The original Weather Observations Website (WOW) was launched in 2011 in partnership with the Department for Education and the Royal Meteorological Society. Since then, the platform has become extremely popular and now contains over 850 million observations from 200 countries around the world. Recent improvements to WOW mean that even more people can make a wider range of observations.
As well as contributions from people worldwide, WOW is also the main operational system for climate observers to submit their daily observations to the Met Office. The original WOW technology was built by a third party, and hosted on a cloud platform. At the time this innovative use of technology for Government received several industry awards.
Over the past year there has been a complete technological refresh of WOW with development of the WOW engine - a new and improved cloud-based solution for managing and collecting observations from all sorts of different sources. This includes the 'citizen scientists' and climate observers who have been using WOW for the last few years, as well as enabling the Met Office access to observations from new sources.
Technology is enabling us to capture non -standard observations, for example those provided automatically from moving platforms such as cars or ships. It is also possible to define new variables that have not been foreseen, so we can respond to changing requirements.
Capturing 'ground truth'
The ability of our supercomputer to accurately forecast the weather is built on the foundation of high-quality global observations, together with our ability to understand the impacts of the resulting weather. Our partners in civil contingencies and the Natural Hazard Partnership are increasingly seeking to quantify the impacts of severe weather on infrastructure and people. Working with the Environment Agency we're investigating how best to collect and use public reports of flooding and other impacts of severe weather to improve future forecasts and warnings. The ability of the next generation of WOW to capture 'ground truth' through photographs, video and social media will be a powerful tool to enable us to do this.

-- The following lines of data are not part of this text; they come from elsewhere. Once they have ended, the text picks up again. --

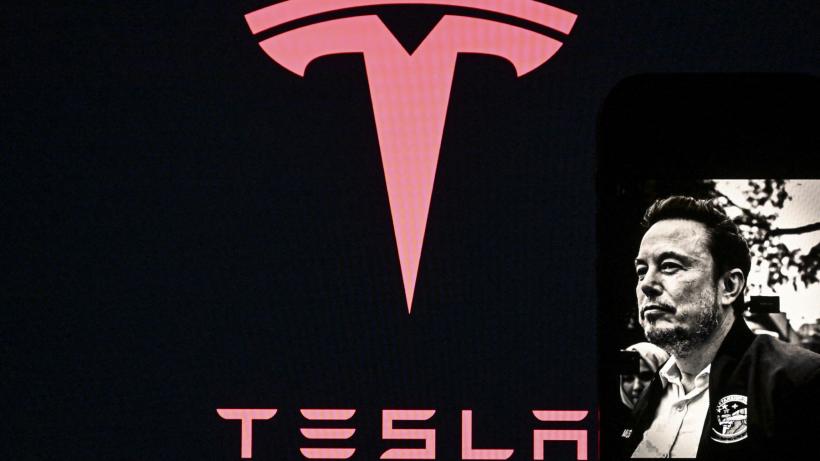Elon Musk va primi 1 trilion de dolari bonus de performanță de la Tesla, dacă firma atinge anumite obiective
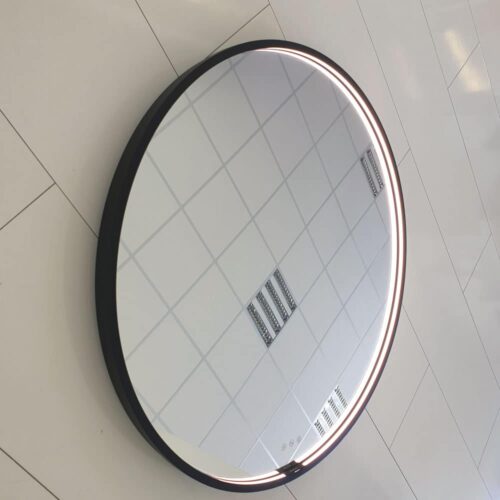 Deze Dansani Moon spiegel heeft een doorsnede van 90 cm. Het industriële frame heeft een diepte van 4,2 cm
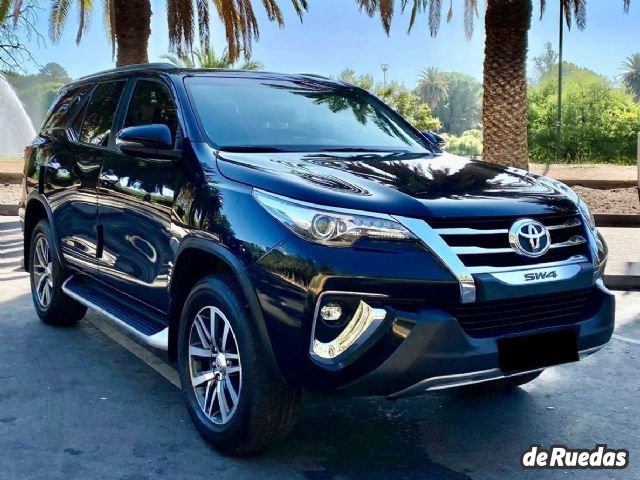 Toyota Hilux SW4 Usado en Mendoza, deRuedas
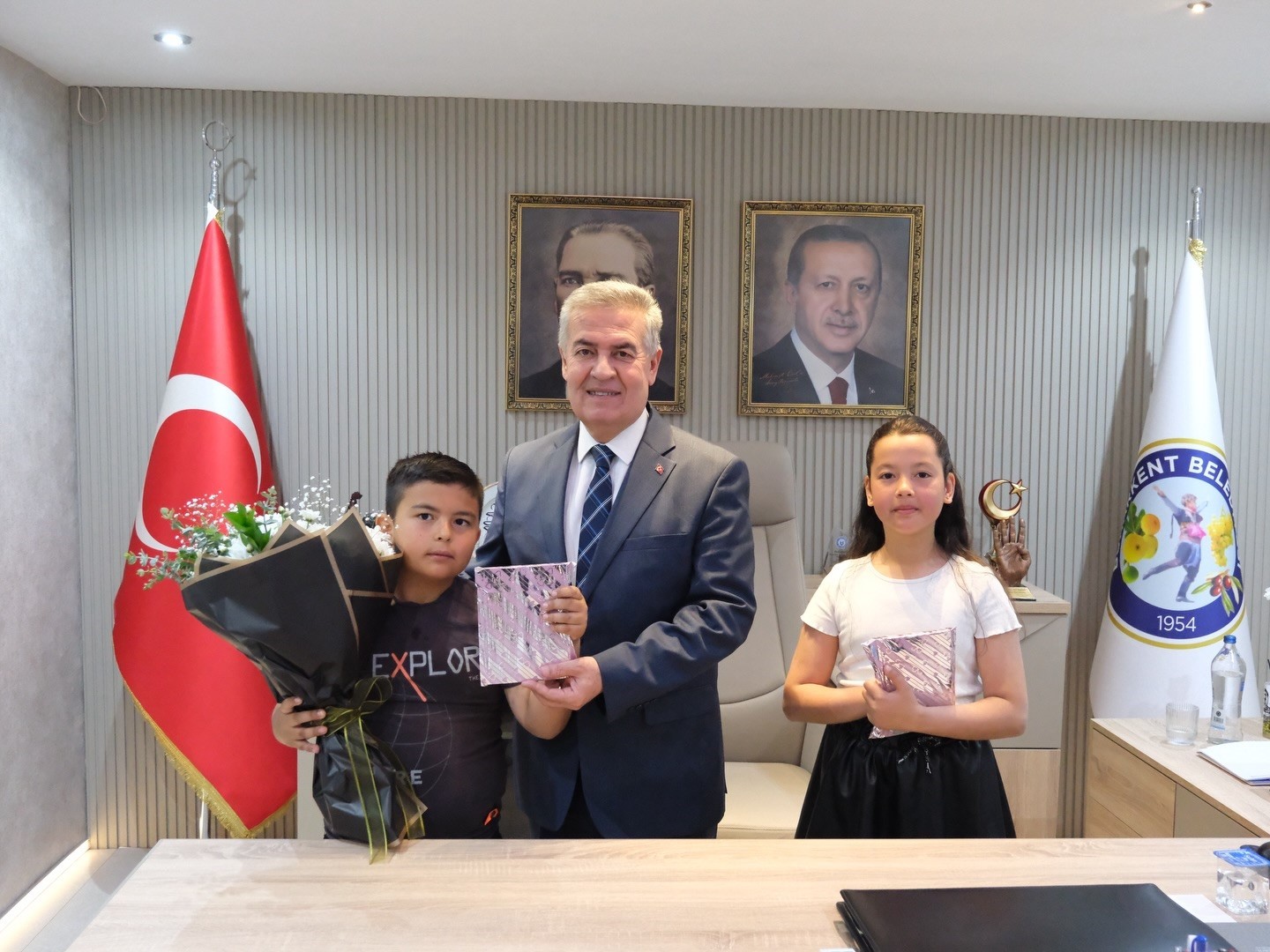 Buharkent’te başkanlık koltuğu değişti
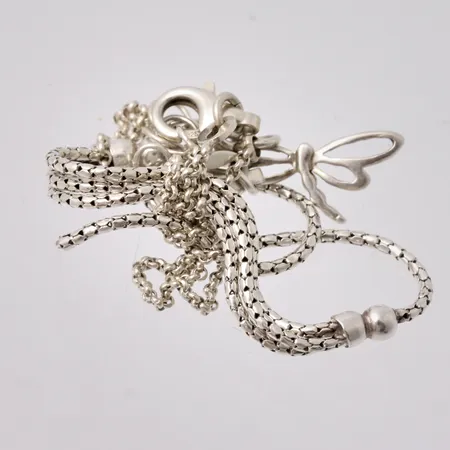 Diverse defekt silver, 925/1000, vikt 3,83g.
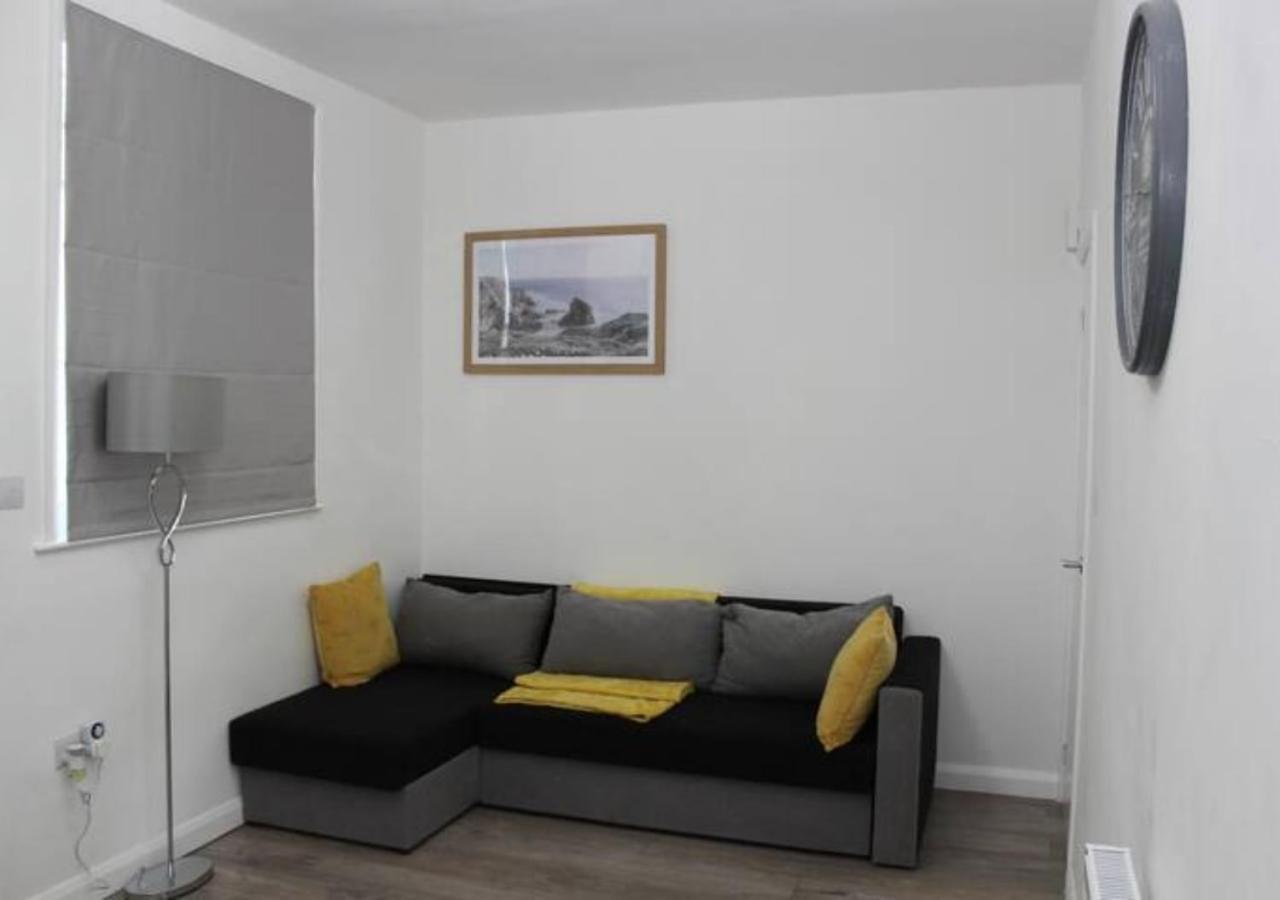 Newly Refurbished 3 Bed 2.5 Bath House In Staines Villa Ngoại thất bức ảnh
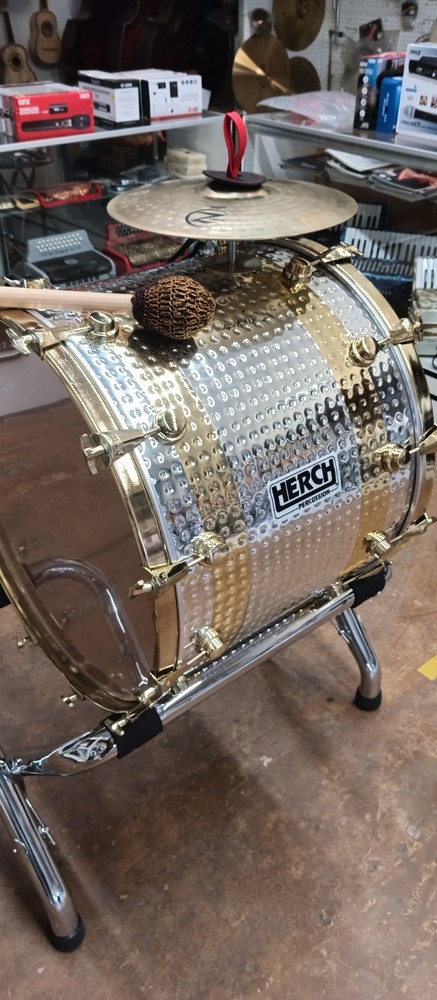 Tambora Herch 20x24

WOW is also used by Australia, New Zealand and the Netherlands to increase their engagement with citizen scientists. The new infrastructure enables the easy addition of new collaborators and data types, and also opens up access to well-documented and well-managed application programming interfaces (APIs) enabling collaborators to make maximum use of WOW. A 'white label' WOW template is now available for other national meteorological services so they can quickly manage third party observations.
Inspiring and educating
The next generation of WOW is also inspiring and educating a new generation of scientists through our WOW Schools pilot project. We have provided ten schools across the country with automatic weather stations and bespoke education materials so students can develop their skills relating to the meteorological data they are collecting. Using a combination of physical observation methods and automated technology students can record weather observations, make practical measurements, analyse information and share data via WOW.